**Your assignment**
Below are records; reproduce exactly the lines from the one that has "Land Rover Range" through the one that has "pepedeluxe pepedeluxe", ends included, and nothing more.

**Dataset extract**
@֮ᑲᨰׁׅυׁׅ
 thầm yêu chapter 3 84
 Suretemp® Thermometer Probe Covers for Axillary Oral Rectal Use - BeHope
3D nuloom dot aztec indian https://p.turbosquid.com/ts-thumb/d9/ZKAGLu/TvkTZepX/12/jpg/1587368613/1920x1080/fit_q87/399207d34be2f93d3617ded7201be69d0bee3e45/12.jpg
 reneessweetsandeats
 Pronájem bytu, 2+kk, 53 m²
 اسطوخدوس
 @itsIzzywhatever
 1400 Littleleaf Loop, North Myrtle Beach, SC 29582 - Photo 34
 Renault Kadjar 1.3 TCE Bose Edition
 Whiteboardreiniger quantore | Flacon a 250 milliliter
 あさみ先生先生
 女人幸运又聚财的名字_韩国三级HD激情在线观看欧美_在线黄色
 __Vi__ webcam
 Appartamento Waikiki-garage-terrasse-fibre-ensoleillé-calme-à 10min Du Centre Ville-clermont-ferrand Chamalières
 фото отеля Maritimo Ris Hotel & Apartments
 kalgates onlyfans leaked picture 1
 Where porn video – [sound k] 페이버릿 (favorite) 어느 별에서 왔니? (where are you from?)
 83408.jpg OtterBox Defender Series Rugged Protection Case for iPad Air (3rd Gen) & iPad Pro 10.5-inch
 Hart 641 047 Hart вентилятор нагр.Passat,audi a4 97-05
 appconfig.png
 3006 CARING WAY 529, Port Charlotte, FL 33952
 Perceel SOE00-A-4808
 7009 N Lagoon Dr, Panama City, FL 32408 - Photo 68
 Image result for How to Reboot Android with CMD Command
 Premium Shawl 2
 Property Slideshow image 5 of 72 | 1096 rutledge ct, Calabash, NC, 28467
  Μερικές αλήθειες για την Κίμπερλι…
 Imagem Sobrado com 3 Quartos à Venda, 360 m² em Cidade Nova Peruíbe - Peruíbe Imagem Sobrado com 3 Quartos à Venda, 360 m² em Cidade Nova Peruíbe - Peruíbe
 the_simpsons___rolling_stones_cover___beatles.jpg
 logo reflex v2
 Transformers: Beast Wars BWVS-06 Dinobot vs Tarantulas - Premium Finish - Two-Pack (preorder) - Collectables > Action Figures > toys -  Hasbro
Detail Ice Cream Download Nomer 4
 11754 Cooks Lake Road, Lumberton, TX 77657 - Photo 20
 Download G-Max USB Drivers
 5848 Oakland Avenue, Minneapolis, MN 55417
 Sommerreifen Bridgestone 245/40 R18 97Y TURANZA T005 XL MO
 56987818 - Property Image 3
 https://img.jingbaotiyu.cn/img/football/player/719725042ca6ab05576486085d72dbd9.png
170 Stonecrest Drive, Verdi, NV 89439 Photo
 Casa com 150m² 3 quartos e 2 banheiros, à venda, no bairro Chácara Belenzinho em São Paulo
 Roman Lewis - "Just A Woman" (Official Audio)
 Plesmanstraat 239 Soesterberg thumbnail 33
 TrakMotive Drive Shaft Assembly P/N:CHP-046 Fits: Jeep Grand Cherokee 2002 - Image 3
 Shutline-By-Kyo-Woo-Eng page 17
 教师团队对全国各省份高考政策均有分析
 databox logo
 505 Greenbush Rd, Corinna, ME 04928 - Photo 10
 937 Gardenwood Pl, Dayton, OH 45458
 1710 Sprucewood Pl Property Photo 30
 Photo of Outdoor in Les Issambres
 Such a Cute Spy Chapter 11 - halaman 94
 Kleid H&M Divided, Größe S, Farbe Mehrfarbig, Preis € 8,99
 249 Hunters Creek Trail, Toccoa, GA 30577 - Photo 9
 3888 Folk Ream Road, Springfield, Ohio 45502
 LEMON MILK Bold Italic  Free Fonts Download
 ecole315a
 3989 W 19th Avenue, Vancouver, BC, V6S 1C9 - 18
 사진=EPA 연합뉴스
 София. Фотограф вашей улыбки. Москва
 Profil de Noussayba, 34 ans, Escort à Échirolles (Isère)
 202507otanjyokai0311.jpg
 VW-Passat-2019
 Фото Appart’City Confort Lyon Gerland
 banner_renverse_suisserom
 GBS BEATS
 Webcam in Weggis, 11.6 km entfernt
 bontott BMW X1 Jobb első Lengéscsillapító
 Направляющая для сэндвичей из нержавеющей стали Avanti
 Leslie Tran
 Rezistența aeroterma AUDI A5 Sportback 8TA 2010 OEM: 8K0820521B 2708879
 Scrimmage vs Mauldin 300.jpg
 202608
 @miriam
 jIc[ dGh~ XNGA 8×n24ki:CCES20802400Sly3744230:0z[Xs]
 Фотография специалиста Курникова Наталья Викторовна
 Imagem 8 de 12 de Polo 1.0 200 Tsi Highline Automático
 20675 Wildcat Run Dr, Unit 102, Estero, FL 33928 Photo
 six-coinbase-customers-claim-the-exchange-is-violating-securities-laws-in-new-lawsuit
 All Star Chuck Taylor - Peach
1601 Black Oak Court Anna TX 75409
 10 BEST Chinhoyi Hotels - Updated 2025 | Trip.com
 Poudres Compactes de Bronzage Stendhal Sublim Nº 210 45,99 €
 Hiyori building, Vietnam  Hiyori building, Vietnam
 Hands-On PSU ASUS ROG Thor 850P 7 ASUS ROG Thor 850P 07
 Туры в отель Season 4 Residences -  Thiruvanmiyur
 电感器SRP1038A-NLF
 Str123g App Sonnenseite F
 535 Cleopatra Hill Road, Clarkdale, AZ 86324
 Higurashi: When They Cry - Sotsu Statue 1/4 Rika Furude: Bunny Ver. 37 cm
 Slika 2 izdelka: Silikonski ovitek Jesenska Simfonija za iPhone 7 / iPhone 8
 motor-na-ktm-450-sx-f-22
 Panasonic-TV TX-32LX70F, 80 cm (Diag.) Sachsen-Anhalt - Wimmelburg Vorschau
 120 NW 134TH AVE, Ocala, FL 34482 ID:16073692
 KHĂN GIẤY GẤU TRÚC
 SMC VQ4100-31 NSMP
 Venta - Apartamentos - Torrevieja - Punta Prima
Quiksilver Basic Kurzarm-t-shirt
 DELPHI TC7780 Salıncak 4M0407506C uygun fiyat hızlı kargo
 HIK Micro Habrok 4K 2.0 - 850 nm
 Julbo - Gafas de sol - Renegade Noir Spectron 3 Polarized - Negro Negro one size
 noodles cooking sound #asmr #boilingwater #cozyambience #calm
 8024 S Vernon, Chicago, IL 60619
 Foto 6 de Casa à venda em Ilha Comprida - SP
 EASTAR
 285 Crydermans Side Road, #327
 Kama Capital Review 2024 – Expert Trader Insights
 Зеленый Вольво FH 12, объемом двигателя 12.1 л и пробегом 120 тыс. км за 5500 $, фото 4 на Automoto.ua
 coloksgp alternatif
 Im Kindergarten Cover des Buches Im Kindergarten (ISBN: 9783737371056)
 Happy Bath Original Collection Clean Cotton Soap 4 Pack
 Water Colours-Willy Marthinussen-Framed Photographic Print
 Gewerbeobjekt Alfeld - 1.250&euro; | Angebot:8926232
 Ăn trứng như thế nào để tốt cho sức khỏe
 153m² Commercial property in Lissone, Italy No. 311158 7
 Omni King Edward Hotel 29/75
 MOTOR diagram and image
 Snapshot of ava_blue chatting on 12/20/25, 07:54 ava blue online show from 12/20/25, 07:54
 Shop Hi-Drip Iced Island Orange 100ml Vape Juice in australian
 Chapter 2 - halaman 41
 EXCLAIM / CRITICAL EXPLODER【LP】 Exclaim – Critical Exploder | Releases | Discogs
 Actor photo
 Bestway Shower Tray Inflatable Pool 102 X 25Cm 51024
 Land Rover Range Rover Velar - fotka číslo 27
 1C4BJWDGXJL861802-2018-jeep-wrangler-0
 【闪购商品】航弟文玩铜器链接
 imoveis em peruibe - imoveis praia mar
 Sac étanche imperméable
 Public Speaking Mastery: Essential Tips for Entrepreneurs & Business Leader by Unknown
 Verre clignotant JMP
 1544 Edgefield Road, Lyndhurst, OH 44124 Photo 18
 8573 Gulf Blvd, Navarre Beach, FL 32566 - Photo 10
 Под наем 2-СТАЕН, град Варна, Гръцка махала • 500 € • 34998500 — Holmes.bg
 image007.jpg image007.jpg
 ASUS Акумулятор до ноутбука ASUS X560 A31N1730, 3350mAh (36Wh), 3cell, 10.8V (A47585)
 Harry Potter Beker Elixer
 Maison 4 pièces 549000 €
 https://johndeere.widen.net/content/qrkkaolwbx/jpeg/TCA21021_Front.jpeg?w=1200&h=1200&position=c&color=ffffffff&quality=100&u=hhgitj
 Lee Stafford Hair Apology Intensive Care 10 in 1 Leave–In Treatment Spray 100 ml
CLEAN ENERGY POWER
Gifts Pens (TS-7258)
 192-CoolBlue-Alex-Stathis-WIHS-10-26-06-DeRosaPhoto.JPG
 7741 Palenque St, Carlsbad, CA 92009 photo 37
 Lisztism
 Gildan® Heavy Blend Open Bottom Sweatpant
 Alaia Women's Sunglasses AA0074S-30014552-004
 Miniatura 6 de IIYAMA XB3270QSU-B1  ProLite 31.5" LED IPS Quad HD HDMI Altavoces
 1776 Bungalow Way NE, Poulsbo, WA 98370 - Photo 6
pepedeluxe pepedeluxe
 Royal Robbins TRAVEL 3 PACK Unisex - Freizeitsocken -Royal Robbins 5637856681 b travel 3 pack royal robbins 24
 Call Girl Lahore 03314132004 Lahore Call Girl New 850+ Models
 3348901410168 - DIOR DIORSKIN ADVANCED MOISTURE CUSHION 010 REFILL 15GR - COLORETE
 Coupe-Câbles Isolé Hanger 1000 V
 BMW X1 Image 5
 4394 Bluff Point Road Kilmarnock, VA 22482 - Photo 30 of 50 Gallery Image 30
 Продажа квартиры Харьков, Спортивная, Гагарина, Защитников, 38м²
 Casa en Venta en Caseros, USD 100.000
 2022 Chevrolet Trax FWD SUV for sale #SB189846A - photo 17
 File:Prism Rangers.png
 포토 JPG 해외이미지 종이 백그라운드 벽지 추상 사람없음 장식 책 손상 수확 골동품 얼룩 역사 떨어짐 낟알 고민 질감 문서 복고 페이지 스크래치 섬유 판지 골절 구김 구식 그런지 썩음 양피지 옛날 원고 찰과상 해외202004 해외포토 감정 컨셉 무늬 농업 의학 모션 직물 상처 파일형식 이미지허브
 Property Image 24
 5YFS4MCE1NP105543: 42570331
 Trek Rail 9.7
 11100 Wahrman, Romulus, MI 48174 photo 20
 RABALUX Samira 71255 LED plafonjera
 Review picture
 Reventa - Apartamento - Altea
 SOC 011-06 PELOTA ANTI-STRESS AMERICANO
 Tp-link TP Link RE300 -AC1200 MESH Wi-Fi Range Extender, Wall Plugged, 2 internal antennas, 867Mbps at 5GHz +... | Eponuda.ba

**Answer box**
 Land Rover Range Rover Velar - fotka číslo 27
 1C4BJWDGXJL861802-2018-jeep-wrangler-0
 【闪购商品】航弟文玩铜器链接
 imoveis em peruibe - imoveis praia mar
 Sac étanche imperméable
 Public Speaking Mastery: Essential Tips for Entrepreneurs & Business Leader by Unknown
 Verre clignotant JMP
 1544 Edgefield Road, Lyndhurst, OH 44124 Photo 18
 8573 Gulf Blvd, Navarre Beach, FL 32566 - Photo 10
 Под наем 2-СТАЕН, град Варна, Гръцка махала • 500 € • 34998500 — Holmes.bg
 image007.jpg image007.jpg
 ASUS Акумулятор до ноутбука ASUS X560 A31N1730, 3350mAh (36Wh), 3cell, 10.8V (A47585)
 Harry Potter Beker Elixer
 Maison 4 pièces 549000 €
 https://johndeere.widen.net/content/qrkkaolwbx/jpeg/TCA21021_Front.jpeg?w=1200&h=1200&position=c&color=ffffffff&quality=100&u=hhgitj
 Lee Stafford Hair Apology Intensive Care 10 in 1 Leave–In Treatment Spray 100 ml
CLEAN ENERGY POWER
Gifts Pens (TS-7258)
 192-CoolBlue-Alex-Stathis-WIHS-10-26-06-DeRosaPhoto.JPG
 7741 Palenque St, Carlsbad, CA 92009 photo 37
 Lisztism
 Gildan® Heavy Blend Open Bottom Sweatpant
 Alaia Women's Sunglasses AA0074S-30014552-004
 Miniatura 6 de IIYAMA XB3270QSU-B1  ProLite 31.5" LED IPS Quad HD HDMI Altavoces
 1776 Bungalow Way NE, Poulsbo, WA 98370 - Photo 6
pepedeluxe pepedeluxe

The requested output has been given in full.